ニューズウィーク日本版 2019年6月27日 17時0分

<幻冬舎・見城徹社長はなぜ『日本国紀』を出版したのか。独占インタビューで明かしたその理由と、百田尚樹の「保守論壇」デビュー秘話。また、右派が語る「リベラルは面白くない」のメンタリティを探る>

※本記事は3回に分けて掲載する特集「百田尚樹現象(2)」です。(1)(3)はこちら
百田尚樹はなぜ愛され、なぜ憎まれるのか――特集・百田尚樹現象(1)
『日本国紀』は歴史修正主義か? トランプ現象にも通じる本音の乱――特集・百田尚樹現象(3)


第2章:マイノリティー

再び今年3月26日、東京・神保町「三省堂書店」前──。私の目的はもう1つあった。百田と右派論壇を結び付けたキーマン、月刊「Hanada」(飛鳥新社)編集長・花田紀凱に会うことだった。首相に返り咲く前から安倍晋三を一貫して支持する、右派論壇の顔とも言うべき人物だ。

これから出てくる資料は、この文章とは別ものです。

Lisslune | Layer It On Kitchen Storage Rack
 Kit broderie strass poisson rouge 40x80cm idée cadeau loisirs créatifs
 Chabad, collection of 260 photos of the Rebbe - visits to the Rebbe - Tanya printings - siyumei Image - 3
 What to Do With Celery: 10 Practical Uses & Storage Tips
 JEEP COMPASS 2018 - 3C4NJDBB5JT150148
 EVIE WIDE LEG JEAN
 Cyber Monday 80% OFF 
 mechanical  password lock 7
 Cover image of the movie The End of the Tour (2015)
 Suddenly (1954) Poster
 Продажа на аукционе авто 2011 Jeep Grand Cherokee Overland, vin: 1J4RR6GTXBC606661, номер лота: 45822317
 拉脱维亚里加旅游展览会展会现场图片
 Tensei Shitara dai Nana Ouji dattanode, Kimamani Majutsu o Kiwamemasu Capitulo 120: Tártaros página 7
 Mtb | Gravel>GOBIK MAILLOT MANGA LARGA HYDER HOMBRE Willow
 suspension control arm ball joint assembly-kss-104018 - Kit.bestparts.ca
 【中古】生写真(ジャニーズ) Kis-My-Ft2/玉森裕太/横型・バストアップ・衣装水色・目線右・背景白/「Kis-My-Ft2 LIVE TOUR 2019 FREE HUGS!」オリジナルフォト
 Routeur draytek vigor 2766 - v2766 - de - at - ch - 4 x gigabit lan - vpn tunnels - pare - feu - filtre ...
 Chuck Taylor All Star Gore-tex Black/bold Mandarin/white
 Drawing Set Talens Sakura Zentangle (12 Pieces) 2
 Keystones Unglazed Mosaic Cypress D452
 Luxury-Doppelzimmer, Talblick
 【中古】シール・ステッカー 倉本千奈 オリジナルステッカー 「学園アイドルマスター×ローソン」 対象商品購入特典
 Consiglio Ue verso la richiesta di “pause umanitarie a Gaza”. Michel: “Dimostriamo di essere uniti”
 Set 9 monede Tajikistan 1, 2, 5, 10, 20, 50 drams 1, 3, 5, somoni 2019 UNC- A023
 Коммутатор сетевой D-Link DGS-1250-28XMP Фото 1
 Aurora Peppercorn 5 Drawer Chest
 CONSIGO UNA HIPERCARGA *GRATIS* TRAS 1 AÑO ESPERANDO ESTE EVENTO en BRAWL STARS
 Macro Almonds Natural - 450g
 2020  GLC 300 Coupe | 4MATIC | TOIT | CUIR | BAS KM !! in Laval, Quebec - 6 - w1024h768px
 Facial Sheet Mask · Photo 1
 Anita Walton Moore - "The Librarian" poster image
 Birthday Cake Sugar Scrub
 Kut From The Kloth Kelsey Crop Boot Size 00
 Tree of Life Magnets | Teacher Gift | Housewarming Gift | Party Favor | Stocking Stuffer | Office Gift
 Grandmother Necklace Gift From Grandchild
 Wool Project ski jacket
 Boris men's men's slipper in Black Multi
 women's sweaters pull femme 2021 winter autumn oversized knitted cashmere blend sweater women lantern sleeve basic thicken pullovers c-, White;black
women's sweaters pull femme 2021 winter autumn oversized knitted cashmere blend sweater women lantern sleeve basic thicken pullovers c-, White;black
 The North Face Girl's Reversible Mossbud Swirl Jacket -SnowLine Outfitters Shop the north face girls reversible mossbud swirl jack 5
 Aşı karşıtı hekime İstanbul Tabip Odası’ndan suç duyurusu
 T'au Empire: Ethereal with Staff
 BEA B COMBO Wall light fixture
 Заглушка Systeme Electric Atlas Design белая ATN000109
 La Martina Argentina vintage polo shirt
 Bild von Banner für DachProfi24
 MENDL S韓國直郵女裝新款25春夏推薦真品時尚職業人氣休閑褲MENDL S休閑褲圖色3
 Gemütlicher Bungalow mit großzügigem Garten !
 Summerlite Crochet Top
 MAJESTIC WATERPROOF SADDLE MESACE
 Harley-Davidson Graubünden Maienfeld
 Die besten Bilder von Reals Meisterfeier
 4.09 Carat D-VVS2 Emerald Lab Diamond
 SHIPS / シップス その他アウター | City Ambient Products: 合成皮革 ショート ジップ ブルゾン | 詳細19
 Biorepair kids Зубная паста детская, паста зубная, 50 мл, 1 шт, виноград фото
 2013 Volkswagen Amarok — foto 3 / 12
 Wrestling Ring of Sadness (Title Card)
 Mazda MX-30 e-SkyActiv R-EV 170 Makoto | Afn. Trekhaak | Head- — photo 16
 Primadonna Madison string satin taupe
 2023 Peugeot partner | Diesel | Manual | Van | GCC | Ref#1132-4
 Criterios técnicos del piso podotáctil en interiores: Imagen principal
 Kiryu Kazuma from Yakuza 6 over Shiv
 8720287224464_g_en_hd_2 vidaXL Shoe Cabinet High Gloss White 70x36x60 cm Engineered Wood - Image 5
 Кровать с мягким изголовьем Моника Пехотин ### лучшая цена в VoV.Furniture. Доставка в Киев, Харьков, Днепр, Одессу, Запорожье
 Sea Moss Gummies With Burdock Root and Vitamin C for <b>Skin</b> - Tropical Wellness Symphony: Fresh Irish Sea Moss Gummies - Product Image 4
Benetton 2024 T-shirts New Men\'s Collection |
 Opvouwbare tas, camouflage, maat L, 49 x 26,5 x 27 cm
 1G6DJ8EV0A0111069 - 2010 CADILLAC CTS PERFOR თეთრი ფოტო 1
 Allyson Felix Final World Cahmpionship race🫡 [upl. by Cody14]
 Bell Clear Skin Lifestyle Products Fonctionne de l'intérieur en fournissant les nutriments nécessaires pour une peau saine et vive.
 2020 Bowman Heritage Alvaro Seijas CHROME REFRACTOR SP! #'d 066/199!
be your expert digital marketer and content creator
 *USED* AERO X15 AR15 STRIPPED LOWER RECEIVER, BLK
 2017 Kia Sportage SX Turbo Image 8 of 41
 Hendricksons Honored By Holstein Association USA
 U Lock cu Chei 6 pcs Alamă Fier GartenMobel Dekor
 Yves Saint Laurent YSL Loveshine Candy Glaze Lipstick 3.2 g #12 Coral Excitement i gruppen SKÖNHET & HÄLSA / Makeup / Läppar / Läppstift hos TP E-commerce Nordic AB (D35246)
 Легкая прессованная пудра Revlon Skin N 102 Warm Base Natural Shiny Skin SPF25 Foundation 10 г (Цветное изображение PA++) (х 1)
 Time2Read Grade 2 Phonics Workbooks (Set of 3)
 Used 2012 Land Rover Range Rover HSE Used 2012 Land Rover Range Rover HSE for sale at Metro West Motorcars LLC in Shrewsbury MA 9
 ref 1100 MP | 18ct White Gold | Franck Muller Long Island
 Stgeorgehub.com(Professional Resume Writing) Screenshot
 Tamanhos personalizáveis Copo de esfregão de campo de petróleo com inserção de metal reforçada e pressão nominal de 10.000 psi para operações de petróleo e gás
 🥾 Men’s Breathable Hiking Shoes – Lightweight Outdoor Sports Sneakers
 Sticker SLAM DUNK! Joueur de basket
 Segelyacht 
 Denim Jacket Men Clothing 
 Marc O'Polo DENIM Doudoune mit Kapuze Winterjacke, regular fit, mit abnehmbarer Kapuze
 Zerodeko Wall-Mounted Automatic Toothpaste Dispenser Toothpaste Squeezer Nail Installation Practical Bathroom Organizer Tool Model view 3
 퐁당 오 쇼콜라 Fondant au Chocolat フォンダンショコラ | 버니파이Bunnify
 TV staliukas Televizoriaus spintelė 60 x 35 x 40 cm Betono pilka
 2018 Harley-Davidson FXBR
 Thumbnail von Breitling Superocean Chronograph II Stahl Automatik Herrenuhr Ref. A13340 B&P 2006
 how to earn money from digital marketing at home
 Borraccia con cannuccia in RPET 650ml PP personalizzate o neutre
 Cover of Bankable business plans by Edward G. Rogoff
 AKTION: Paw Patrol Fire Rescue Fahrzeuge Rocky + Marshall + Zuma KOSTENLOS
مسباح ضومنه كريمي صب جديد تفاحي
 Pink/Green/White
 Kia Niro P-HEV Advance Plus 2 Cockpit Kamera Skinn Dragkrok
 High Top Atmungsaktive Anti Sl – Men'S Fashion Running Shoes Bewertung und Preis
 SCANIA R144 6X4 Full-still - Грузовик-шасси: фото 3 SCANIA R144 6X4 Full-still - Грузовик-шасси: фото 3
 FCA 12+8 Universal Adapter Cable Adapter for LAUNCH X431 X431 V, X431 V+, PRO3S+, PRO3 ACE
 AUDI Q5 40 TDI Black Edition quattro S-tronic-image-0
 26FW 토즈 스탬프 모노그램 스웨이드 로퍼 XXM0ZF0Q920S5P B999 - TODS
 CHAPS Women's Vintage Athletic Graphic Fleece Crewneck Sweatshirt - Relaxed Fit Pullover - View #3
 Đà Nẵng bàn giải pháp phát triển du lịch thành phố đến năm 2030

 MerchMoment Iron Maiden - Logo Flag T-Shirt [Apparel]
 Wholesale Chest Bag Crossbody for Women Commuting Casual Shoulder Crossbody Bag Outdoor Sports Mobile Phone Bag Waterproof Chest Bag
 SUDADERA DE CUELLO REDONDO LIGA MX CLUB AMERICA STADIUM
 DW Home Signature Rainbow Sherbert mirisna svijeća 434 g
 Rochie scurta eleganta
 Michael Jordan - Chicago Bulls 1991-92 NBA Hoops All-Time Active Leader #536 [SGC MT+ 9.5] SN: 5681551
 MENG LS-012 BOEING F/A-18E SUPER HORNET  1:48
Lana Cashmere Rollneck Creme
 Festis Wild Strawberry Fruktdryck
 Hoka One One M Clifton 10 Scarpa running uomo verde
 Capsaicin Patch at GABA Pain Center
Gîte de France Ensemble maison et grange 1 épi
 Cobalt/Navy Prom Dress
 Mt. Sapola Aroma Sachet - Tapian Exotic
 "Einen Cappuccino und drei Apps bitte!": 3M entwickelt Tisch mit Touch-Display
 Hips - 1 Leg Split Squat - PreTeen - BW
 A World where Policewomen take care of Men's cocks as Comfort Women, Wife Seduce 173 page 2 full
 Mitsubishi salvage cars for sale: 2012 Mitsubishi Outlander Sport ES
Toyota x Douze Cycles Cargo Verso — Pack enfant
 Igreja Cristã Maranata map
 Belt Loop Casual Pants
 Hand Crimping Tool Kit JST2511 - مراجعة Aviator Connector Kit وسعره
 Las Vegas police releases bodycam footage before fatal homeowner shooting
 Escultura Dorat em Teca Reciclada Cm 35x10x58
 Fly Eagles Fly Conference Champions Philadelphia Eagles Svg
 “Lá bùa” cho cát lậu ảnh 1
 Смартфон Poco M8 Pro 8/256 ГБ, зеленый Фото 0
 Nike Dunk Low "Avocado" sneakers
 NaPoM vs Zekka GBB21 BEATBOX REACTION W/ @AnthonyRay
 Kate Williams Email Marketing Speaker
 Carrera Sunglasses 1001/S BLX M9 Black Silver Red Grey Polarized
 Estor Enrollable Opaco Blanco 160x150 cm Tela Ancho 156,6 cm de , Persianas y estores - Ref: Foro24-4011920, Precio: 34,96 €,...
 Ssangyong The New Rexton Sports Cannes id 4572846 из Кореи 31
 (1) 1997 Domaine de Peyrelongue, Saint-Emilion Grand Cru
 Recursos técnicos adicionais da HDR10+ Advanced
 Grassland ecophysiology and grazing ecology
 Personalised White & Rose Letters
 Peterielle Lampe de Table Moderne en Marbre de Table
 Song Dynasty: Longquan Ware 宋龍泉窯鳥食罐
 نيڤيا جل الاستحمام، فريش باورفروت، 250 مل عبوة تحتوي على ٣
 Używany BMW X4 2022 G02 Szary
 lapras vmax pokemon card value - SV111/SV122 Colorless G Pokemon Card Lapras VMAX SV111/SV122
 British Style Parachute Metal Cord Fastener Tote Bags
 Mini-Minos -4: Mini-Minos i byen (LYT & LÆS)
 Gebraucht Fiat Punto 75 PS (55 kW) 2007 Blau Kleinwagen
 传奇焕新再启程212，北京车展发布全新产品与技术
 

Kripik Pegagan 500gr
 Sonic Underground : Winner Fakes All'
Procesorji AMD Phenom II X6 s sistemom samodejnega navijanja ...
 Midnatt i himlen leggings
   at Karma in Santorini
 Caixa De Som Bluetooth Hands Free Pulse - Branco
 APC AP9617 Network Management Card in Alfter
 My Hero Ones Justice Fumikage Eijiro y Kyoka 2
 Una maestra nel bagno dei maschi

週刊文春の名物編集長として辣腕を振るい、雑誌「マルコポーロ」に異動する。95年、同誌にホロコースト否認論を掲載したところ、強い抗議を受けて編集長の座を解任され、翌年に退職する。その後、右派的な路線を明確にした月刊誌「WiLL」(ワック・マガジンズ)を創刊し、売り上げを伸ばす。現在は自身の名を冠した雑誌で「WiLL」の路線を引き継ぐような論調を掲載している。

ある時から右派系論壇誌の執筆陣に「百田尚樹」が加わっていた。三省堂の前で何人かのスタッフと共に百田に付き添っていた花田に声を掛け、取材依頼を送っているのだが、と告げると「それは悪いことをしたなぁ。もちろんお受けしますよ。こちらにご連絡ください」とつながりやすい連絡先を名刺にメモして、渡してくれた。

4月2日、神保町のオフィスビルにある飛鳥新社に向かった。壁には出版物の広告がずらりと貼られている。ひときわ目立つのが、土下座する百田の姿だった。『今こそ、韓国に謝ろう』のタイトルにあやかり韓国に謝っている様子なのだという。

「お待たせしてすいません。現場が好きなもので......」と丁重な謝罪から取材が始まった。誌面から受けるこわもてな印象はなく、アクティブさを象徴するようなデニムと年相応に柔和な口調が印象的なメディア人がいた。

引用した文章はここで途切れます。